Così, nella Chiesa, l’equilibrio tra azione e contemplazione non è un lusso monastico, ma una questione vitale. Agostino lo dice con linguaggio forte: se la città di Dio dimentica la sua origine, diventa città dell’uomo. Il Papa, con la meditazione che ci ha offerto ieri, ha dunque ricordato che non basta il fervore apostolico se manca la linfa della preghiera. Senza il cuore monastico, la Chiesa rischia di avere mani che agiscono e piedi che corrono, ma un petto vuoto.

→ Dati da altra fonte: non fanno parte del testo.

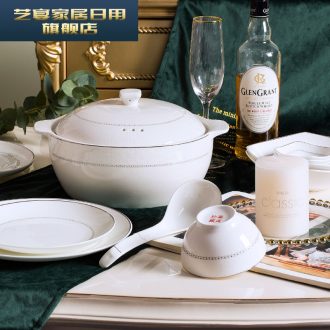3 PLT jingdezhen cutlery set dishes European dishes home creative bone porcelain ceramic bowl chopsticks dishes and practical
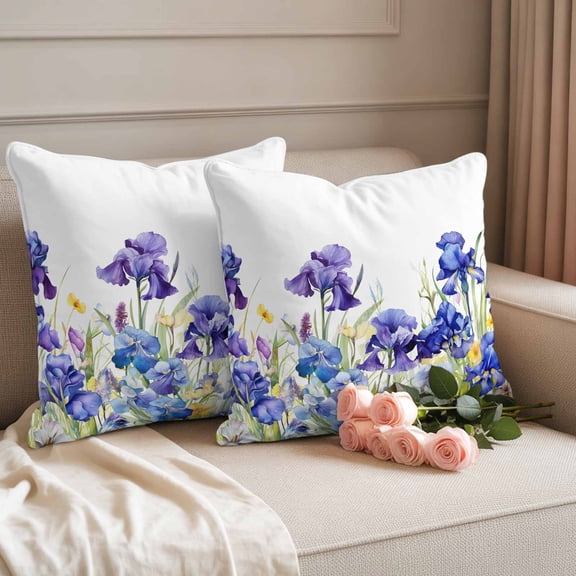 Outdoor Pillow Covers 18x18 Pack of 2, Watercolor Garden Spring Flower Iris Decorative Pillow Cover Waterproof Pillowcase, Blossom Floral on White Farmhouse Cushion Covers for Garden Patio Sofa Couch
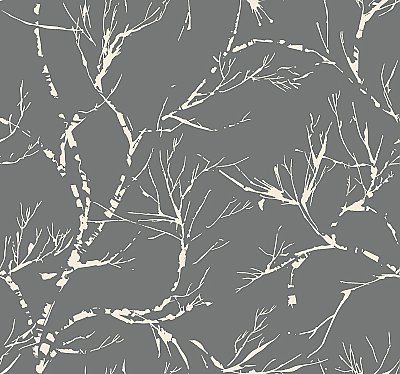 White Pine Wallpaper - Dark Gray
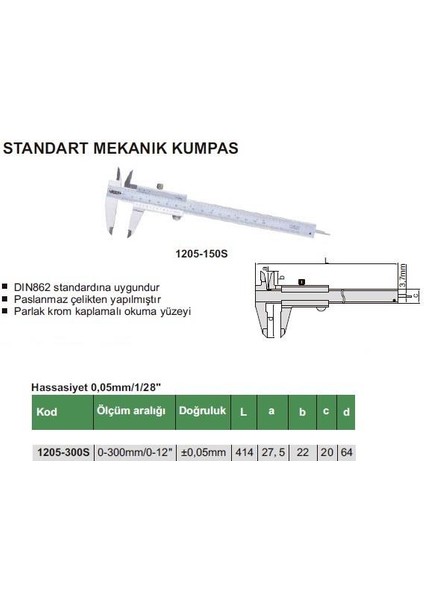 Standart Mekanik Kumpas 1205-200S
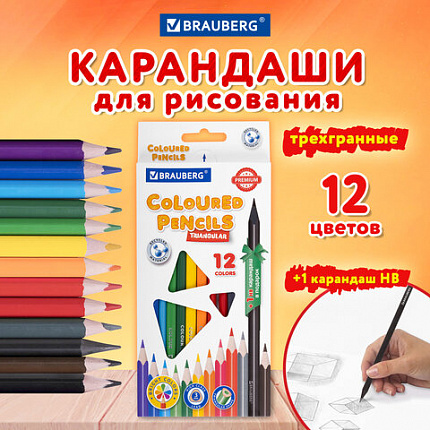 Карандаши цветные пластиковые, BRAUBERG PREMIUM 12 цветов + 1 чернографитный карандаш, трехгранный корпус, грифель 3 мм, 181936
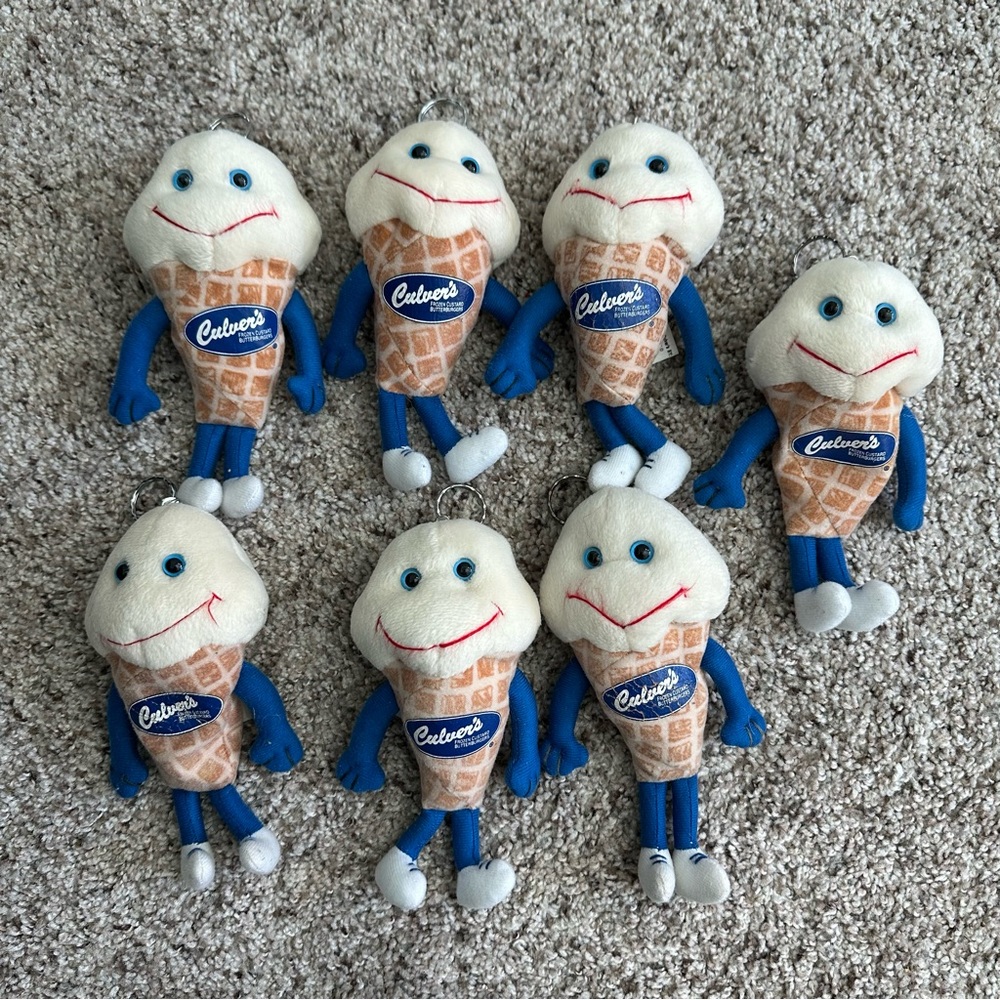Lot 7 Culvers 1998 Scoopie Keychain 7" Plush Vanilla‎ Ice Cream Cone Vintage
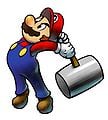 Mario using his hammer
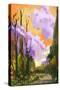 Colorful Landscape with Sunset Sky,Illustration Painting-Tithi Luadthong-Stretched Canvas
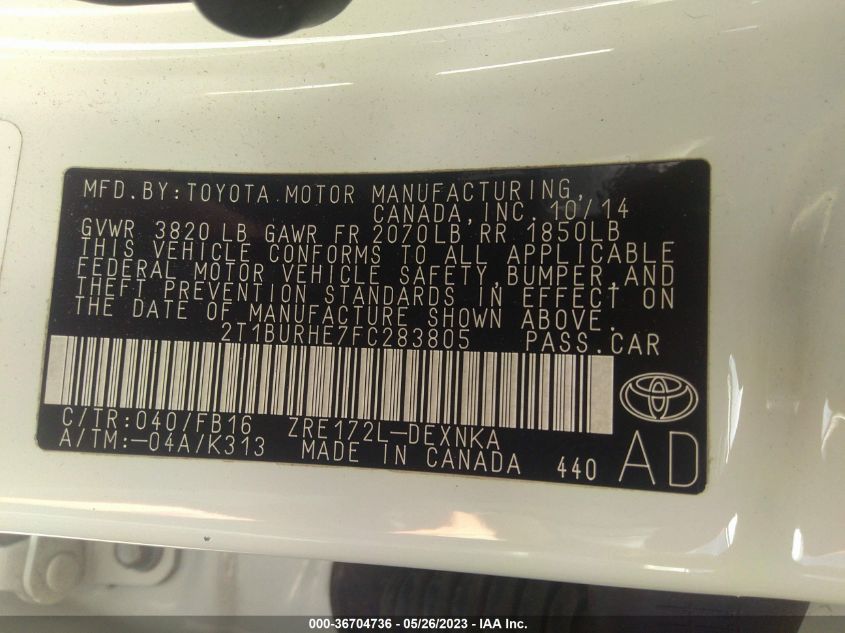 2015 TOYOTA COROLLA L/LE/S/S PLUS/LE PLUS - 2T1BURHE7FC283805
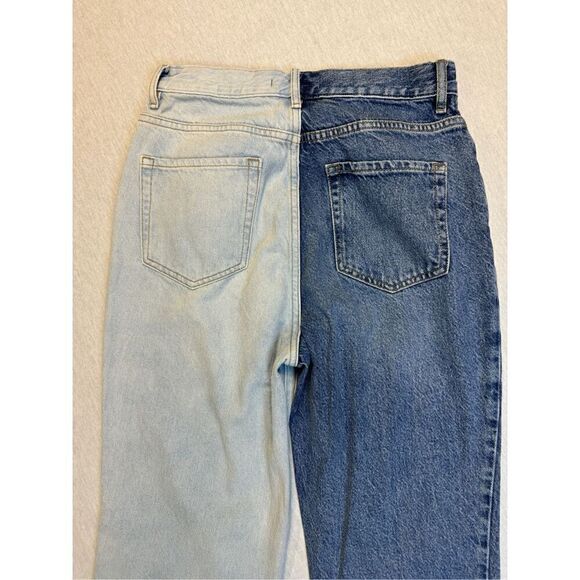 Pacsun High Rise Straight Leg Two Toned Color Block Jeans Sz 28 - Picture 9 of 10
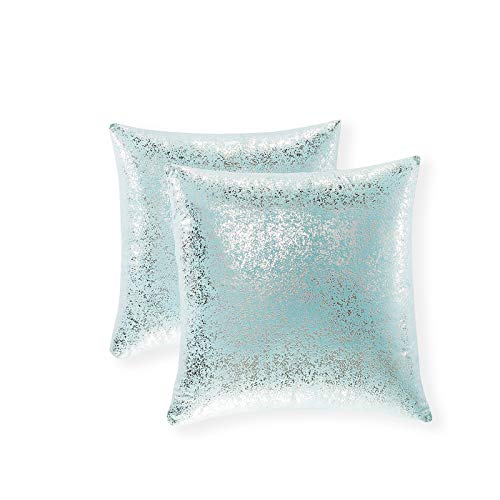 Xinrjojo Pack of 2, Shiny Cushion, Decorative Pillow Covers, Soft Square Throw Pillow Covers, Solid Cushion Covers, Pillow Cases for Sofa Bedroom Car 24 x 24 Inch (Silver- Lake Blue)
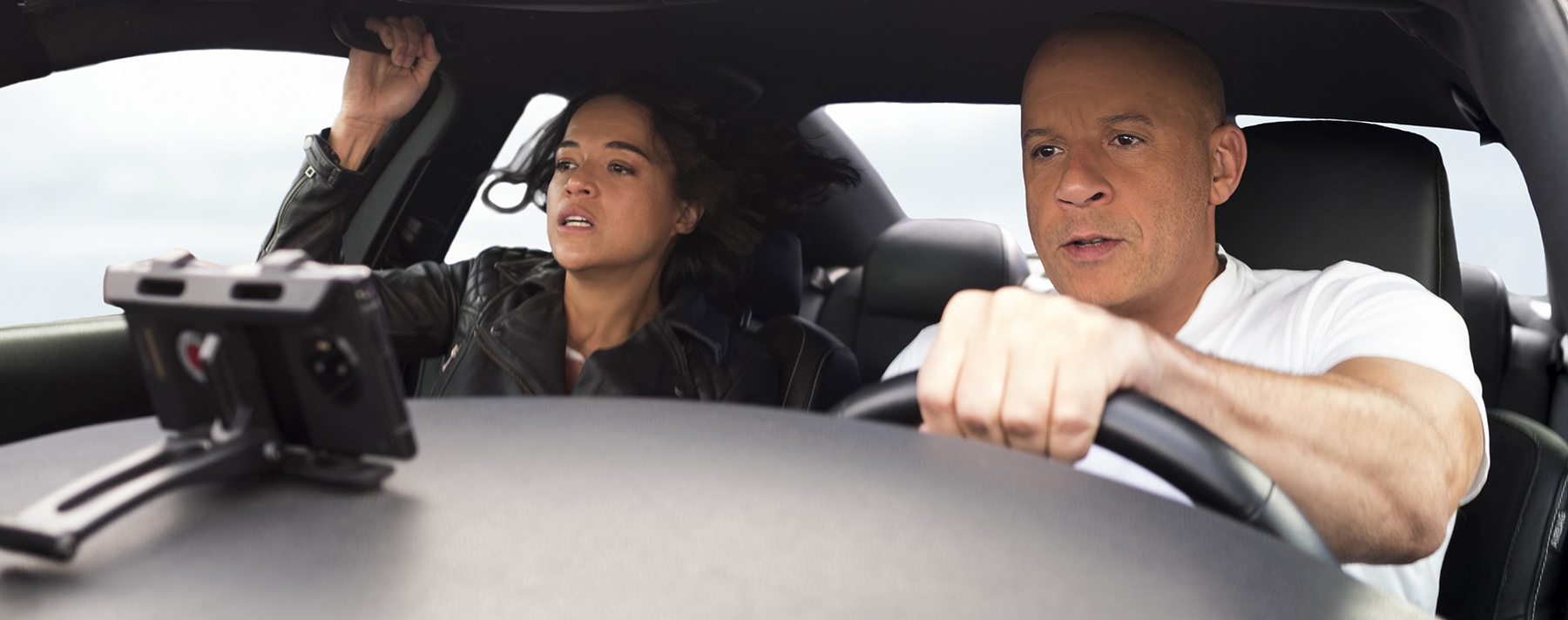 (from left) Letty (Michelle Rodriguez) and Dom (Vin Diesel) in F9, directed by Justin Lin.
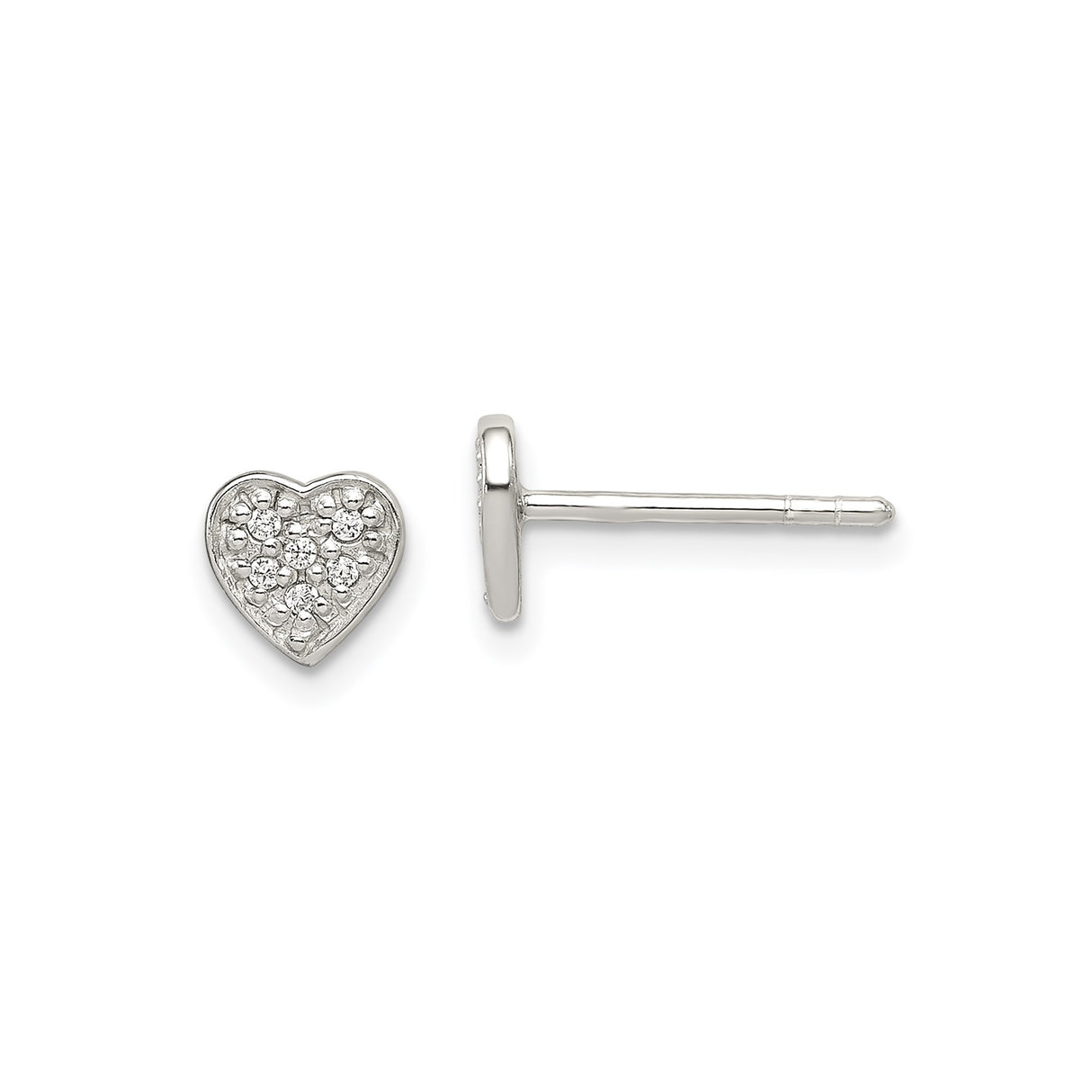 Sterling Silver Heart Stud Earrings with Cubic Zirconia in Floral Cluster Design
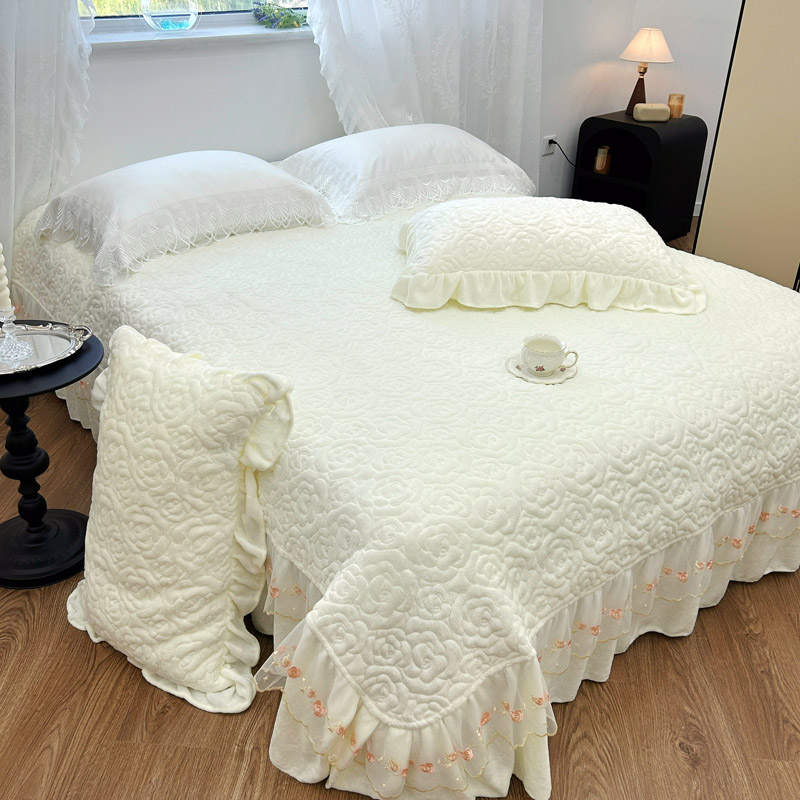 ☆高克重牛奶绒【单床盖】 奢华系列-蔷薇花语家用床裙款床品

Il sorriso con cui Leone XIV ha osservato i monaci in coro, dediti al canto gregoriano e alla preghiera, ci offre l’immagine di un Papa riconoscente. Riconoscenza per una Chiesa che, pur dispersa nel mondo, ha ancora un cuore che batte nascosto; per un popolo che ancora cerca l’unità tra parola e silenzio, azione e adorazione. Oggi la Chiesa sembra assorbita da comunicati, convegni, strategie, e finisce spesso per logorarsi nel tentativo di capire come rendere più convincente il messaggio di Gesù — un affanno che talvolta nasconde solo la paura di perdere rilevanza nel mondo. La parola del Papa, invece, restituisce alla Chiesa la lentezza del vivere, non per moltiplicare le iniziative, ma per ritrovare la sorgente da cui ogni opera autentica prende vita. E quella sorgente, come ricordano i Padri, sgorga sempre dal deserto.